Our Pacific Fleet had been all but destroyed. MacArthur, driven from Manila, was making a last-ditch stand on Corregidor. In Europe, our allies were beaten or facing defeat. France had fallen, Britain was reeling under a hail of fire bombs, and Russia was fighting at the gates of Moscow. Copland finished the rough sketch around Lincoln’s birthday, reworked and polished it that disastrous spring.

Kostelanetz continued, “by the time Copland finished it in April, the tide was starting to turn in the Pacific. . . . Americans were breathing a bit easier.” Just before the premiere on May 14 of that year, the United States scored a victory in the Battle of the Coral Sea, and Lincoln Portrait was met with loud applause. “Lincoln’s warnings fell on victory-deadened ears,” according to the conductor.

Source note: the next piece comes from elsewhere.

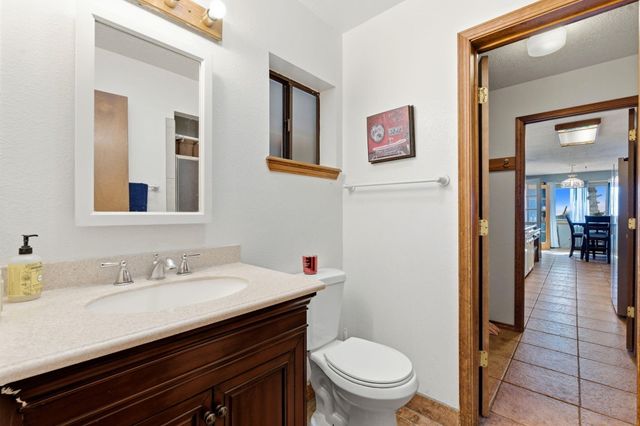 10012 Clearwater Court NW, Albuquerque, NM 87114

But the fortunes of war were to turn again. When Kostelanetz led another performance on July 15, it was clear to all Americans that the war would be long, hard, and costly. The narrator was Carl Sandburg; the First Lady and members of the Roosevelt administration were in attendance. Kostelanetz noted that “it had sunk in that in Europe we were in a war that saw no end. Hitler stood astride a continent and was reaching over Africa, perhaps the world. . . . America was grimly determined—but the road ahead was bloody and dark.”

“Even as I raised my baton,” he remembered, “President Roosevelt was in conferences with Admiral King and General Marshall to chart our course.” On this occasion, Copland’s music and Lincoln’s words “sounded with a terrible new clarity,” the conductor remarked. At the end of the performance there was silence.

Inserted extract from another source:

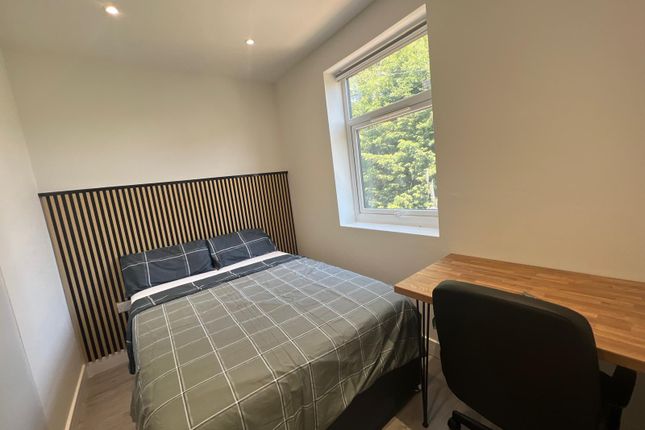 Furnished Rooms To Let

Only in the wake of victory does Lincoln Portrait seem to trumpet that victory. In the midst of World War II, at a time when the Allied position was especially weak, it represents something more like hope on the verge of a breakthrough. Copland’s music stands at odds with the historical moment of its enunciations, promising deliverance from its present circumstances and resounding defiantly from the depths of despair. This difference between hope and celebration, between solidarity and authoritarianism, is measured by the different responses of audiences during the war. Following Allied success, Lincoln Portrait was met with applause; it tipped toward an authoritarian grandeur that hallows victory in order to forget the hallowed dead.

But at a time of defeat and uncertainty, Lincoln Portrait meant something else entirely. After the Allied setbacks in 1942, it was met with charged silence. The final sforzando, C-major triad was a wordless voice of providence and hope issued from an outdoor stage, some five hundred yards away from the Lincoln Memorial.